The applicants contended, and the respondents denied, that the meeting at the Shangri-la Hotel amounted to a mediation within the terms of Article 37 of the Xian Arbitration Rules. The Rules permitted arbitrators and, with the parties’ consent, third parties, to act as mediators, and to meet with the parties jointly or separately. Under the Rules Mediators were expressly allowed to make settlement proposals to the parties.
Reyes J expressed reservations about whether the so-called mediation complied with Article 37 of the Rules, pointing to numerous “unusual” aspects of the process, including:
• The venue and timing, namely dinner in a hotel rather than a formal venue.
• The parties did not appear to consent to the time and place of the mediation.
• The parties did not appear to consent to a third-party ‘mediator’, namely the Secretary-General.
• The mediation was conducted by a non-presiding member of the Tribunal and the Secretary-General of the XAC, an unusual combination.
• The parties did not attend the mediation; rather a non-party who was thought to have influence over the respondents was asked to attend.
• The applicants did not appear to have been consulted about the proposal put to the respondents and it is unclear how the compensation figure of RMB 250 million was calculated.

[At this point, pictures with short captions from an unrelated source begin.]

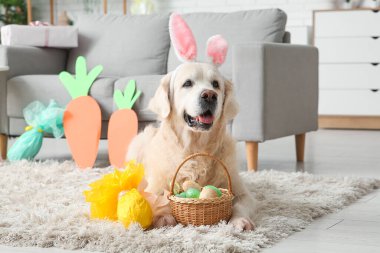 Paskalya yumurtaları halının üzerinde duran tavşan kulaklı şirin Labrador köpeği.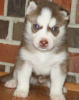 Photo №1. siberian husky - for sale in the city of Varna | negotiated | Announcement № 54810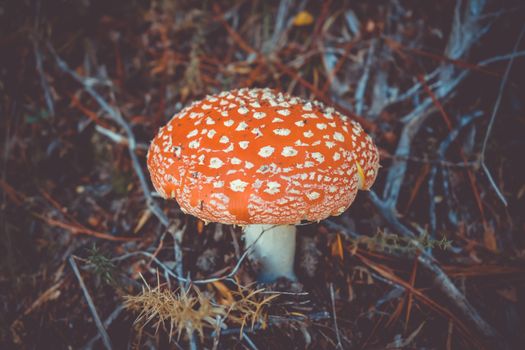 Amanita muscaria. fly agaric toadstool mushroom. Close-up view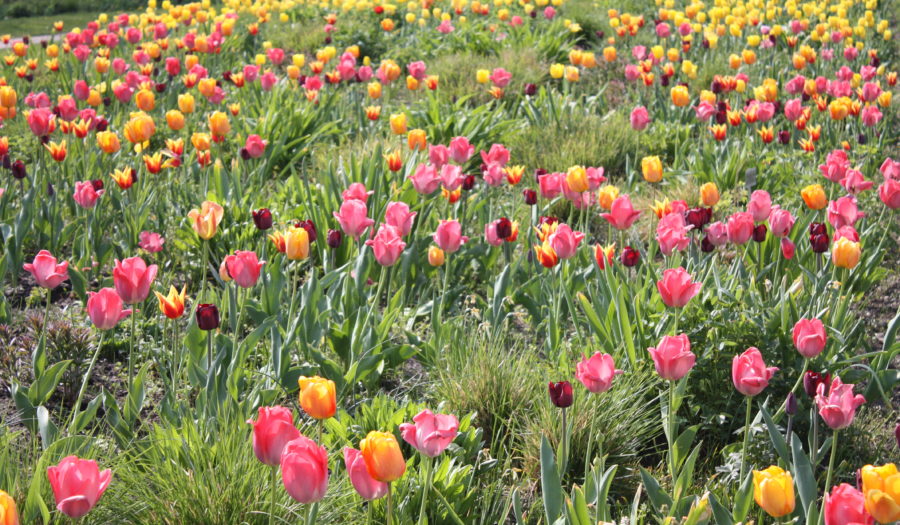 Ausflug in den Britzer Garten &ndash; Friedrich Küter Pflegewohnpark in Berlin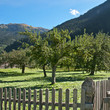 Landschaft mit Apfelbäumen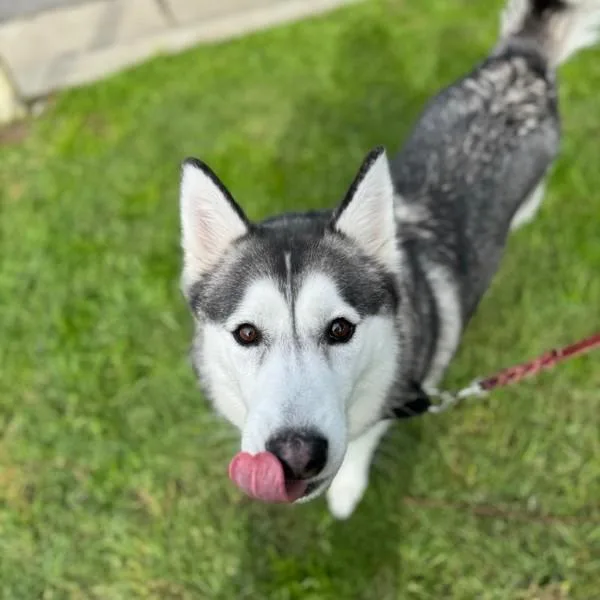 An adult medium-sized female Siberian Husky dog named Chloe for adoption in San Diego, CA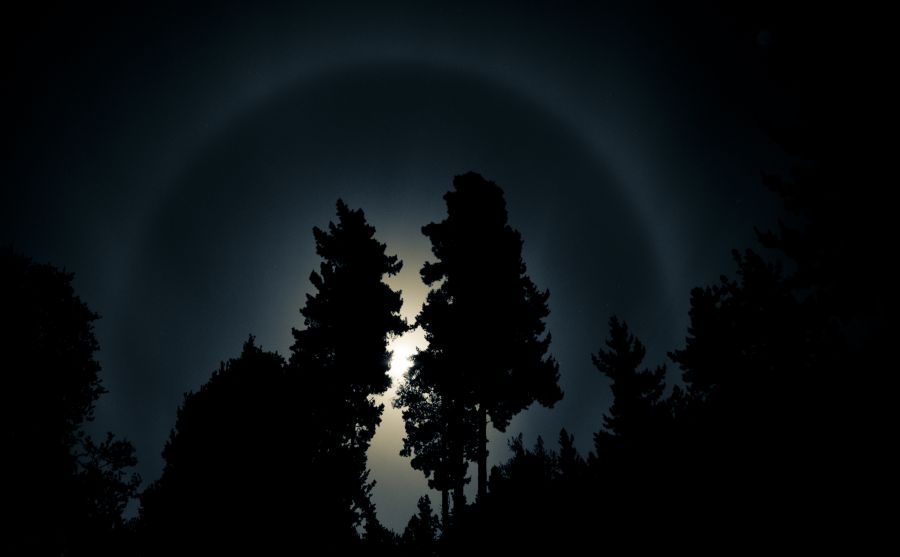 ����������ͼƬ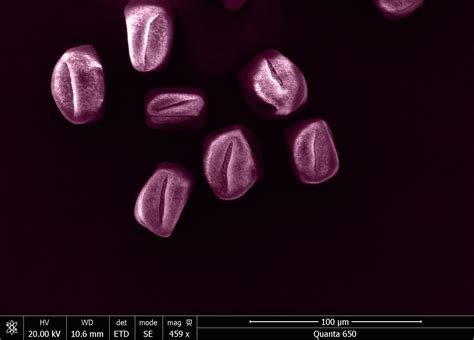 Image result for Flower Pollen Under Microscope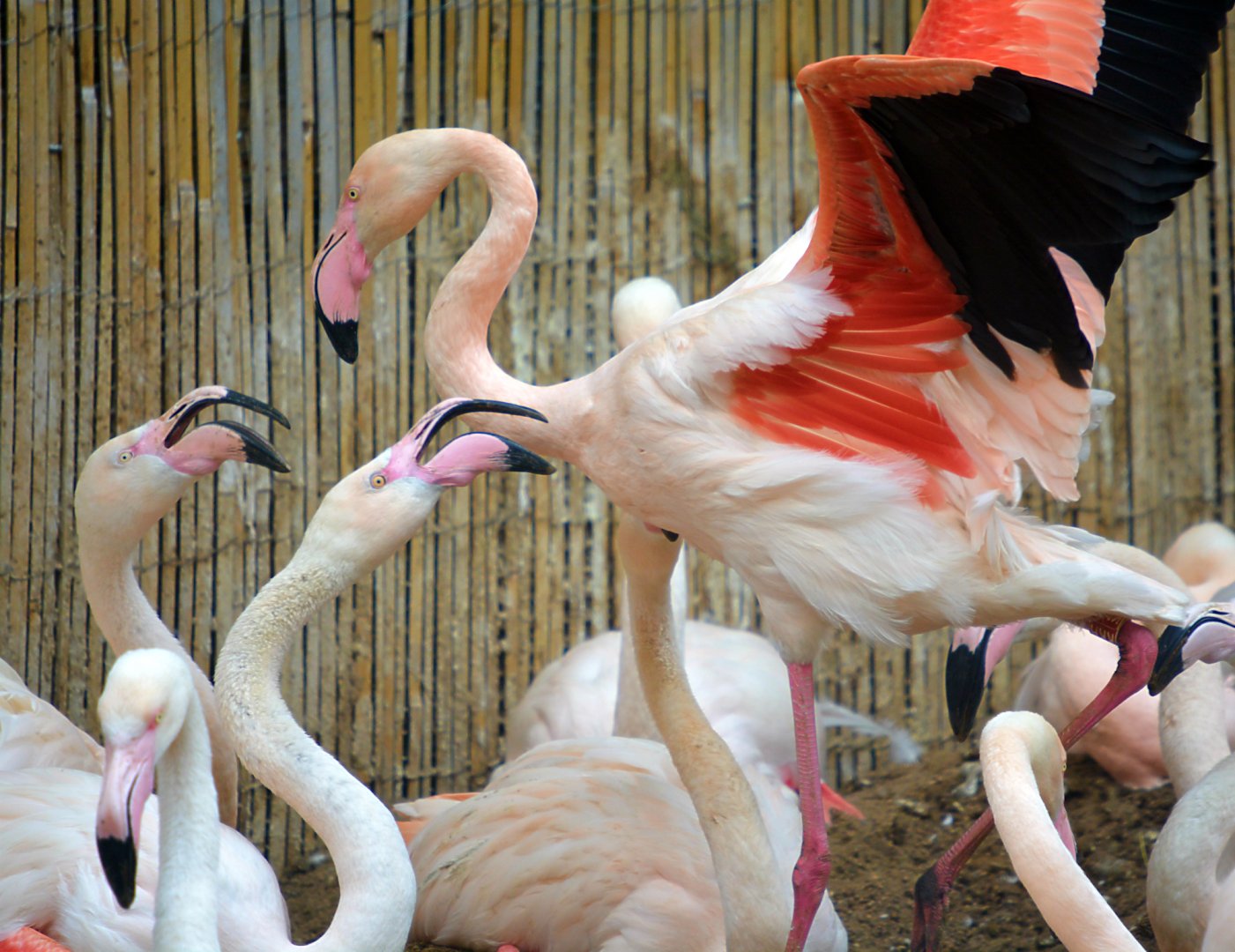 Greater Flamingos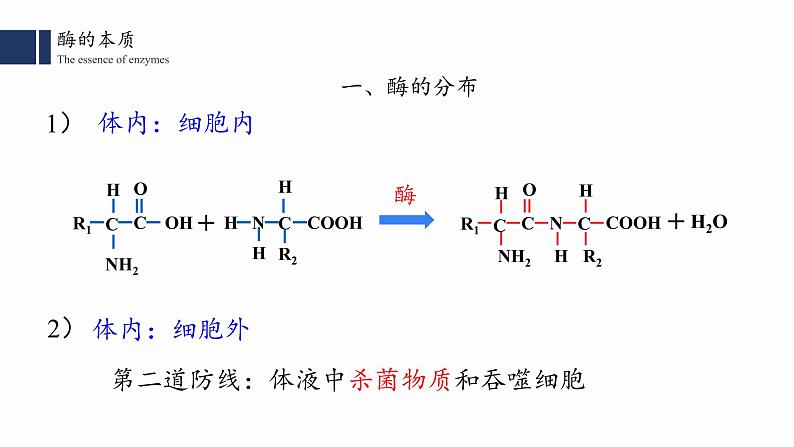 高中生物人教版2019必修一5.1.1 降低化学反应活化能的酶课件PPT04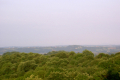 morgenbetaute Landschaft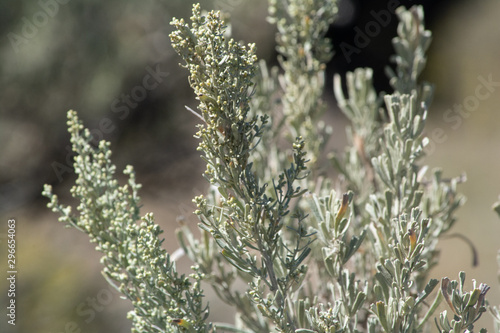 sage brush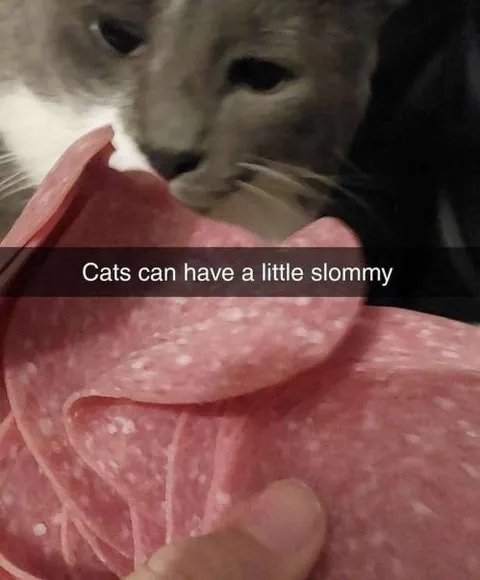 Cats Can Have a Little Slommy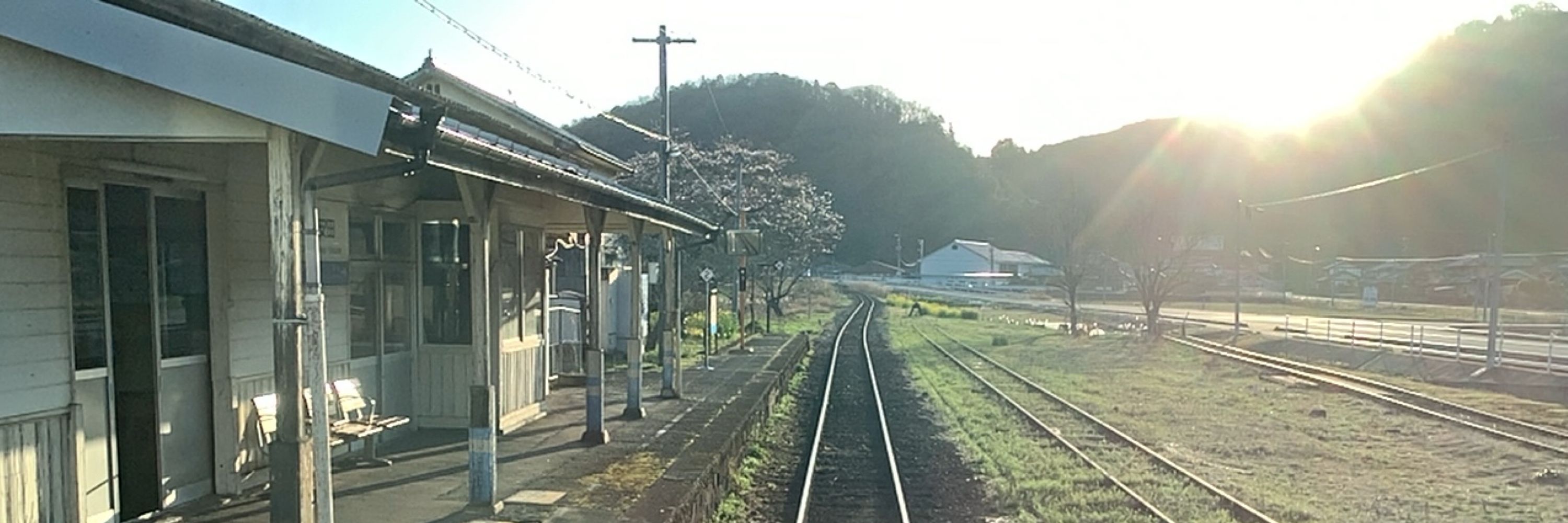 みやこ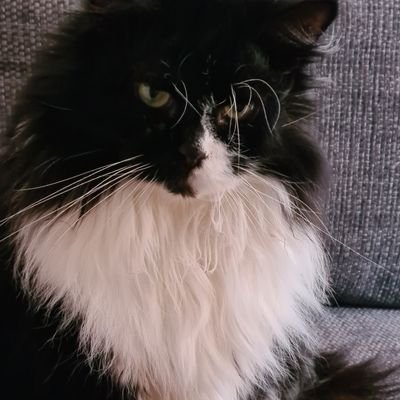 Molly_D_Cat's profile picture. House cat with 2 staff to see to my needs.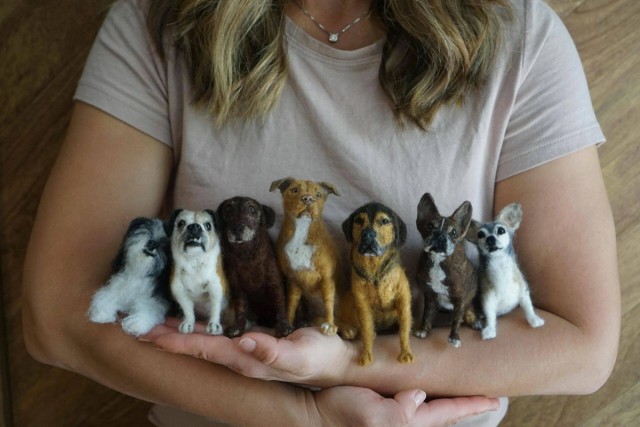 Подборка интересных и веселых картинок 13.02.24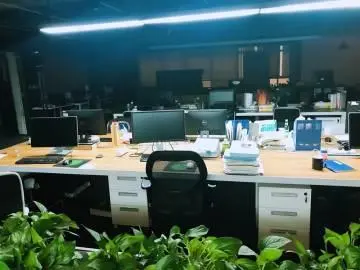 码农的人生：外包程序员的真实境况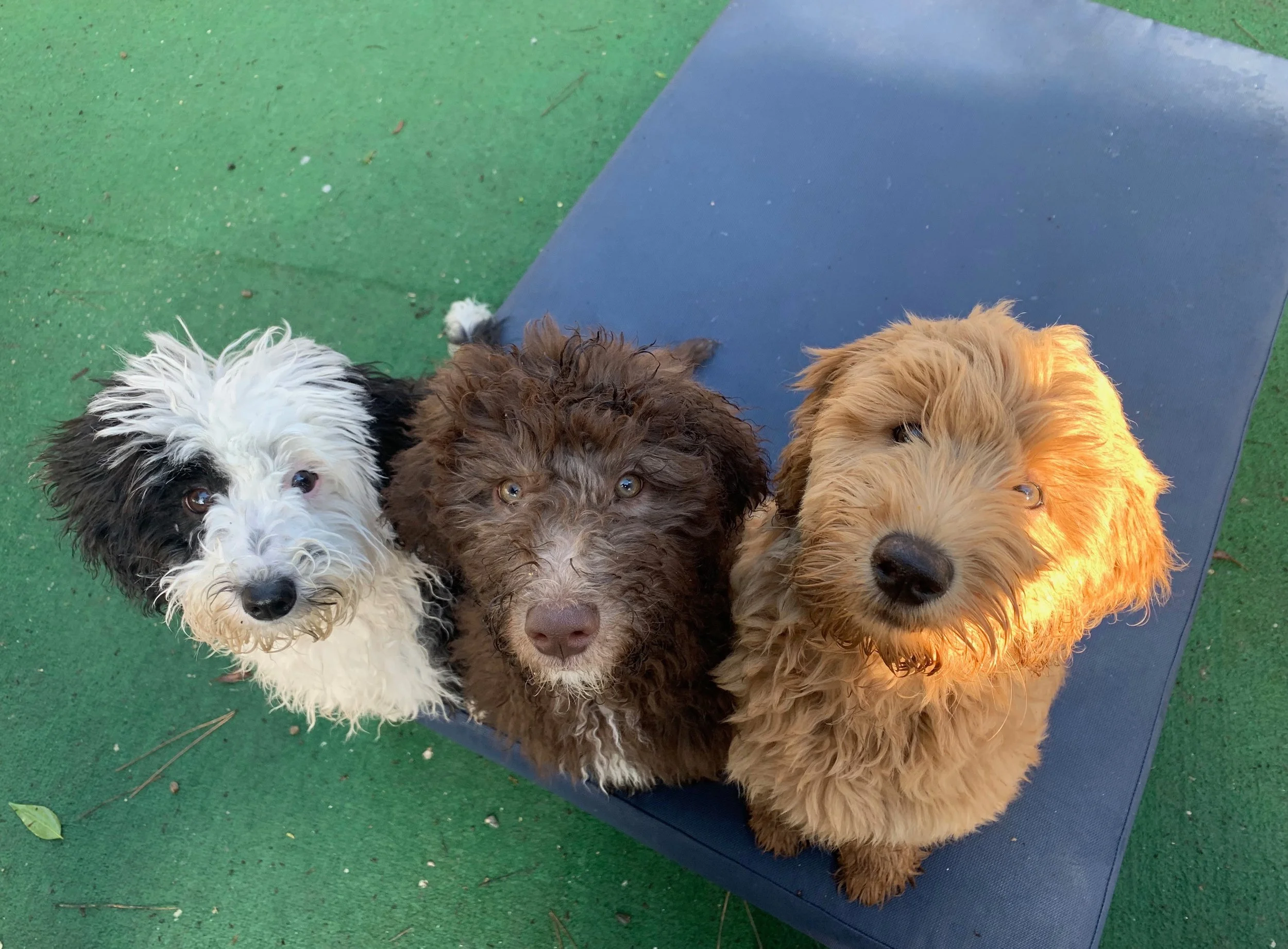 Three adorable Labradoodle puppies sitting on a blue mat on green outdoor ground, looking up at the camera.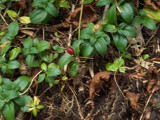 ツルリンドウの実 ツルリンドウの実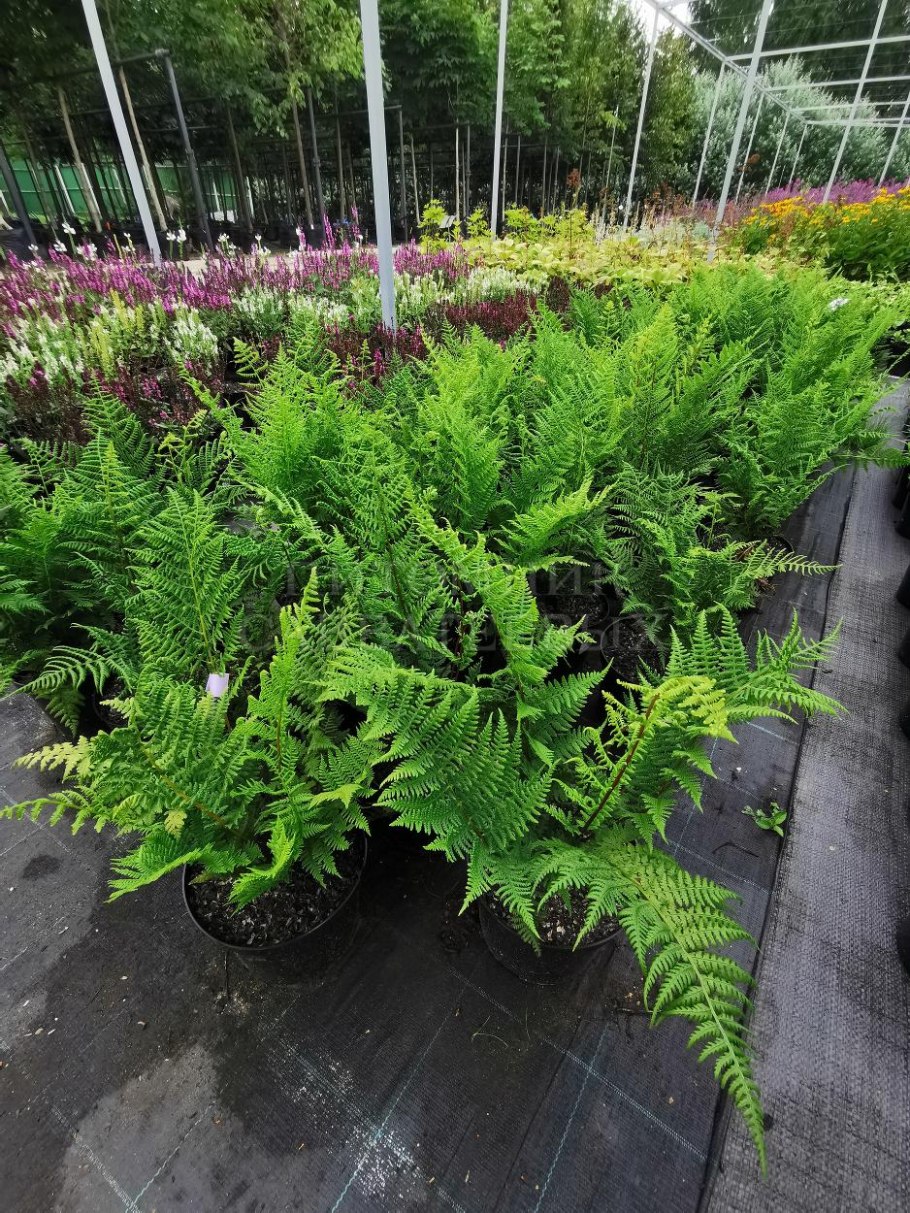 Athyrium filix-Femina Lady in Red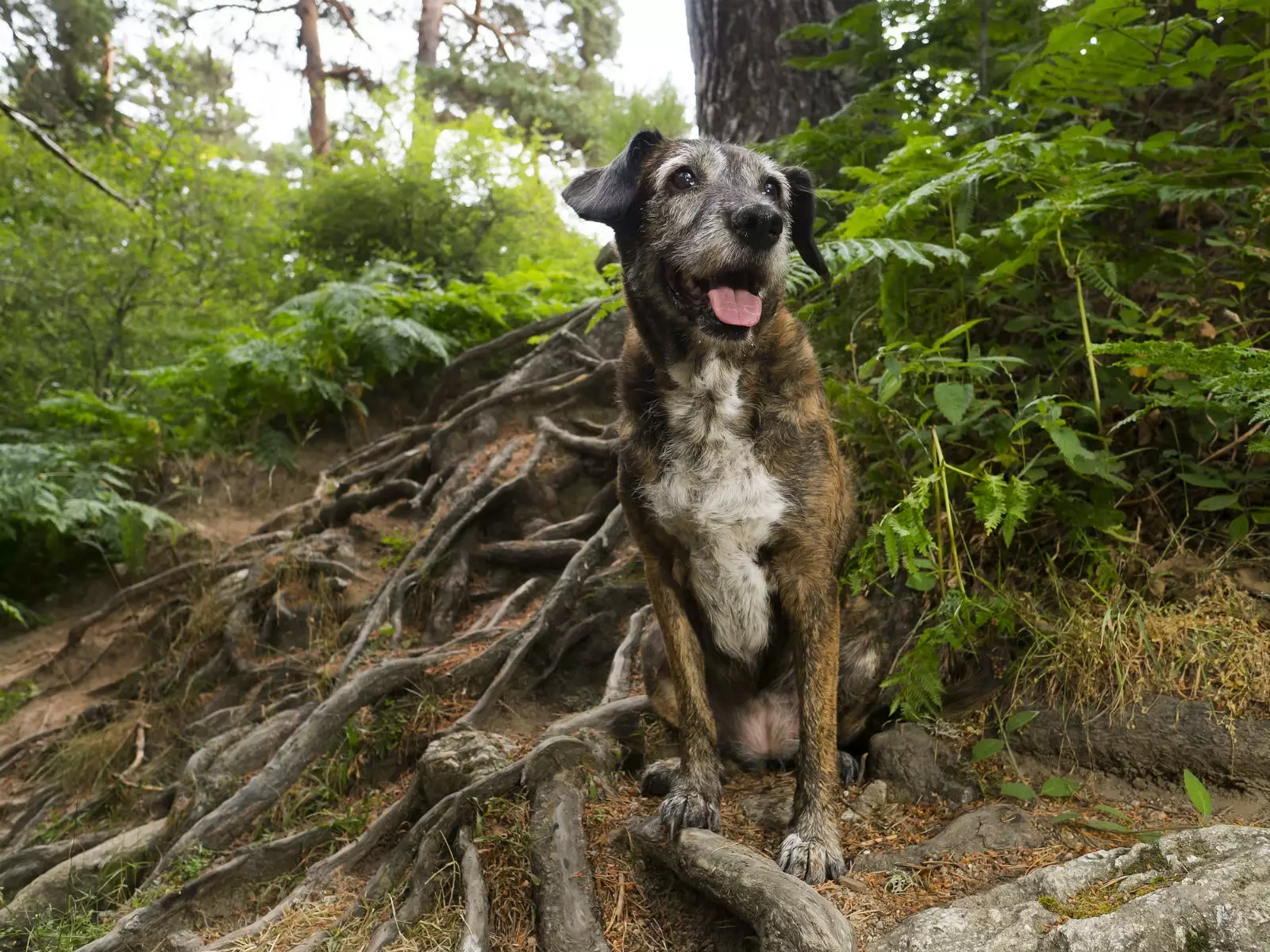 Your best friend will always be more handsome than you.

• The “mediators” asked the person in attendance, Zeng, to “work on” the respondents to accept the proposal. This seems to amount to more that neutral communication of a message.
Thus, despite the mediation label, Reyes J seemed to doubt whether the process really was mediation. His Honour concluded that the events at the Shangri-la Hotel would have given the fair-minded observer “a palpable sense of unease” (54) and would have caused the apprehension of a real risk of bias (53). As a matter of public policy, therefore, he refused enforcement of the Award.
The Keeneye case sends a strong signal to dispute resolution practitioners. Despite being highly flexible in nature, mediation is not an ‘anything goes’ process. If you choose to blend facilitative processes, such as mediation, with determinative processes, such as arbitration, then it must be done in a manner that maintains the integrity of both processes and ensures procedural fairness and the perception thereof.
Dispute resolution practitioners have an obligation to design mediation processes which are tailored to specific client needs, procedurally robust and reflect the mediation label.
So when next designing a mediation or hybrid process, make it a label worth remembering.